So weird I didn’t think of that.
The house we’ve been renting is going to be sold, so we are house hunting. It’s going… let’s say slowly. We’ve only been looking for a couple of weeks, though. Maybe what I mean is there’s not a lot of momentum to this move, yet.
There are dishes to wrap and frames to un-hang and curtains to take down and clothes to pack, so instead I am mostly cleaning out the garage and giving away old books. Then I drive around aimlessly thinking: I wonder what it’s like to live in THIS neighborhood?
“Will there be bunnies at our new house?” Eli asks, because sometimes we see wild rabbits in the neighbor’s yard.
“We’ll have to see,” I say. “I don’t know what kind of animals there will be.”
“Maybe crocodiles!
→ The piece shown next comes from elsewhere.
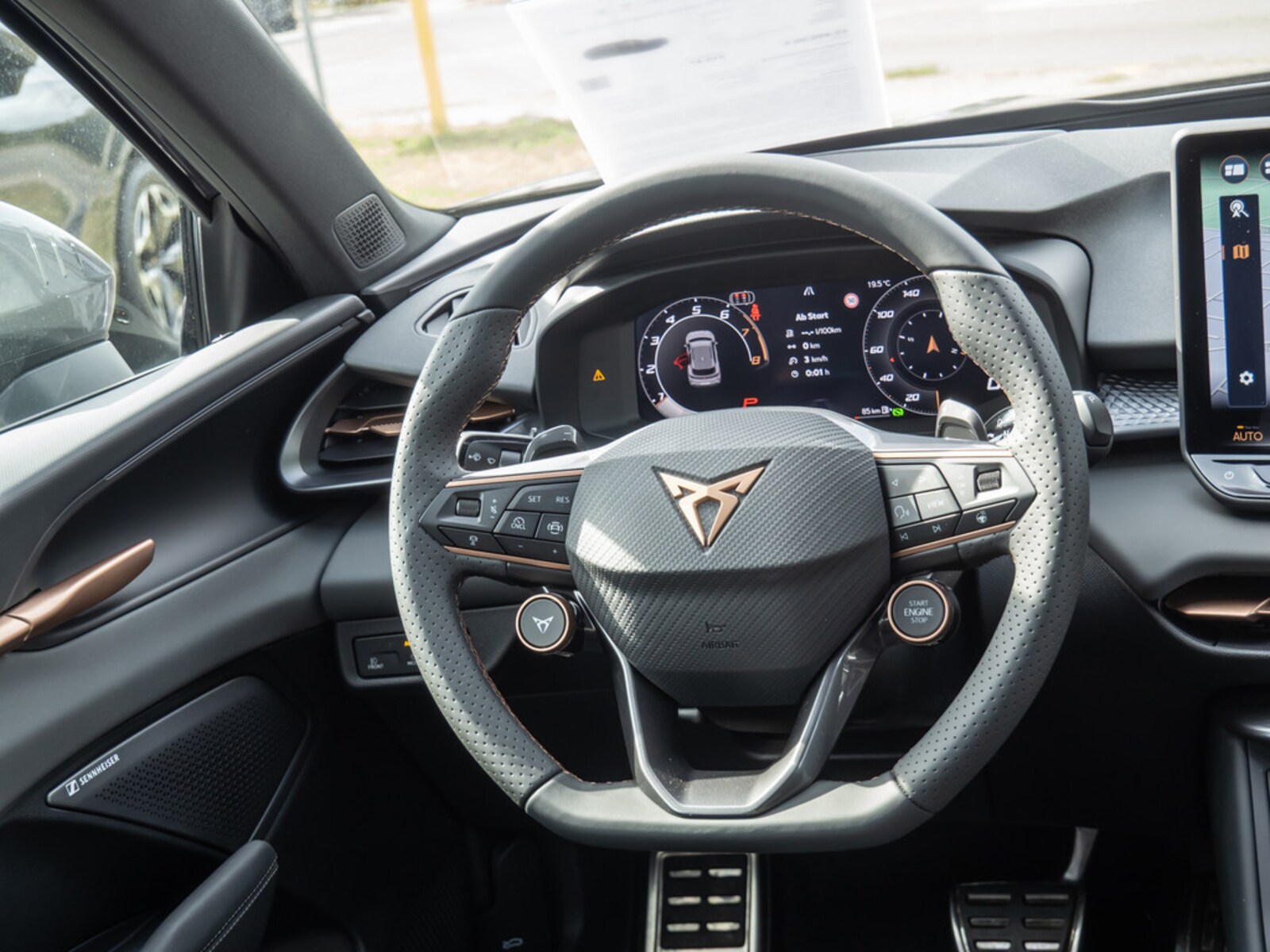 CUPRA Terramar – Bild 7
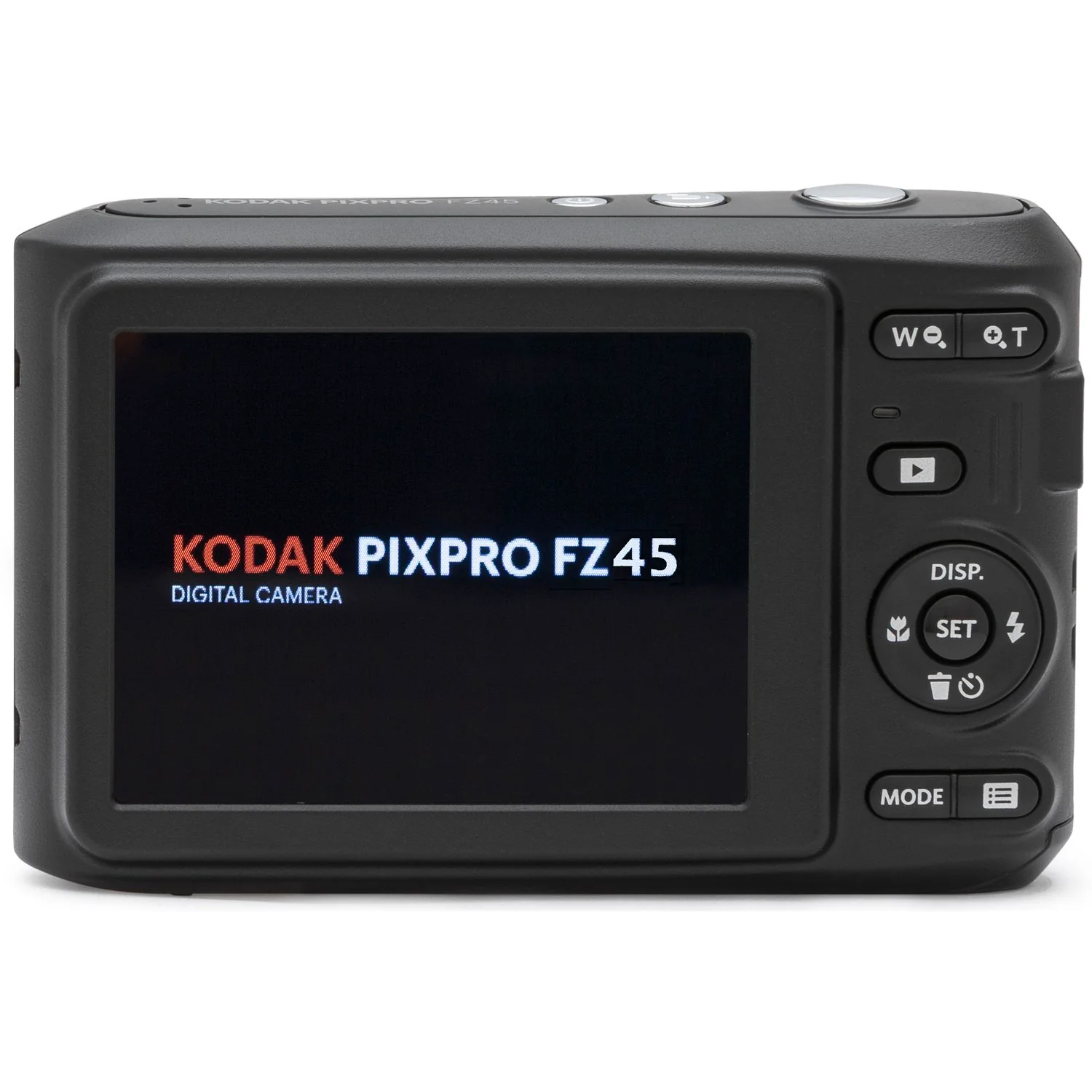 Kodak PIXPRO FZ45 16MP Digital Camera Black +Lexar 32GB Memory Card +Camera Case - Image 10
Maybe giant turtles. Maybe OCTOPI.”
Yes. That is very likely. If we move to the lost city of Atlantis.
The big question now is something like: do we exchange this house for a similar one, of a similar size, in a similar-but-different neighborhood? Or do we want something else? A smaller house? A bigger one? Urban? Rural? SWIMMING POOL?
Maybe we are the kind of people who live in a loft downtown, and we just haven’t realized it yet.
Last month, all I was searching for was thrift store bunk beds. Now I’m on the lookout for a whole new LIFE. Or okay HOUSE. I guess it’s not the same.
A pair of sparrows nested over our front door this spring, and the baby birds finally hatched yesterday. If we move away too soon we might not see them grow, the older children tell me.
But you know how these things go. It doesn’t take long. They get their bearings, gather up their feathers, and then one day: whoosh. They’ve flown.
Even though they know that nest.
It’s comfortable, like an old sweater. A sweater that pills and has a very small hole in the elbow. It’s not perfect, but it’s familiar.
They’ll go somewhere else, and it will be different and strange, until that becomes familiar, too.
It’s only a nest. It’s a mass of sticks. It’s not the thing with feathers.
That, they take with them.
“Make it ours,” he says — and we will.